The Bronx Civil Court decision will be published Friday.

Landlord A&E Tiebout Realty initiated the present proceeding against tenant Lois Johnson in September 2008, seeking alleged arrears of $1,538 for Ms. Johnson's Tiebout Avenue apartment. A&E sought rent for the two previous months, along with unpaid washing machine and air conditioner fees.

The company also sought Ms. Johnson's eviction, based on the arrears.

Ms. Johnson, a 73-year-old Section 8 tenant, has lived in the Fordham Heights apartment since the 1970s. She failed to pay her share of the rent - $179.30 - five times between December 2006 and October 2007.

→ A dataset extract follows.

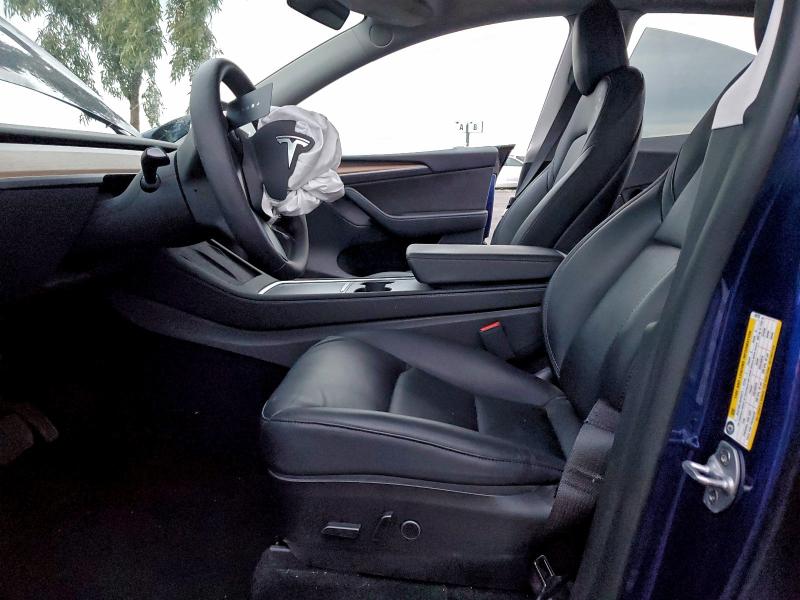 Продажа на аукционе авто 2022 Tesla Model Y, vin: 7SAYGAEE1NF549792, номер лота: 98250525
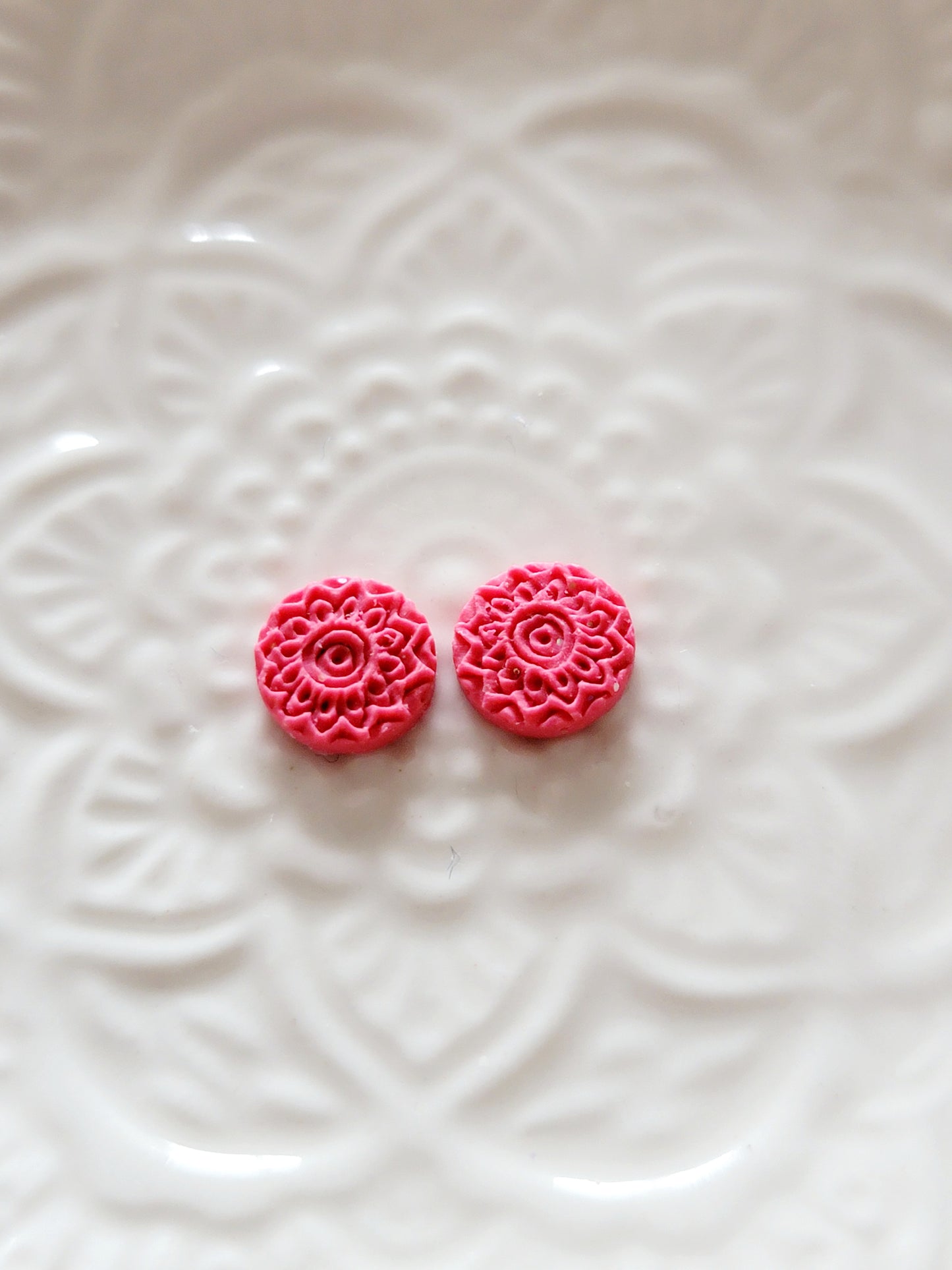 Mini pink textured studs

In her answer, Ms. Johnson moved for summary judgment on the grounds of laches - i.e., that the landlord's delay in initiating the action caused her significant injury and prejudice.

A&E denied any delay, arguing that although Ms. Johnson had submitted the exact amount of her monthly rent each month since October 2007, the company had applied each check to her arrears, not the current rent. Therefore, A&E contended, Ms. Johnson's arrears remained current, instead of "stale."

The general rule, the company noted, is that a debtor may direct how payments are to be applied, but if she fails to do so the creditor may apply the payments as it sees fit.

Judge Madhavan found several reasons that the rule did not apply in the present case.

The form of Ms. Johnson's payments - monthly, at the beginning of the month and for the amount of her rent - implied an intent for the funds to be used for her rent, not her arrears, the judge wrote.

Laches, which requires a "disadvantage resulting from the delay," also precluded the landlord's accounting, the court held.

"Petitioner's unreasonable delay in commencing this proceeding has left respondent unable to pay her alleged arrears for which she may be evicted from her home of over three decades," Judge Madhavan wrote. "Thus, this element of laches has been amply met as well."

Lucy Newman of the Bronx office of the Legal Aid Society represented Ms. Johnson.

"They tried to argue 'first in, first out,' but that would [only] make sense if [Ms. Johnson], say, missed those five months and only made two payments since," Ms. Newman said.

Isidore Whitfield Scipio of Gutman, Mintz, Baker & Sonnenfeldt, who represented A&E, could not be reached for comment.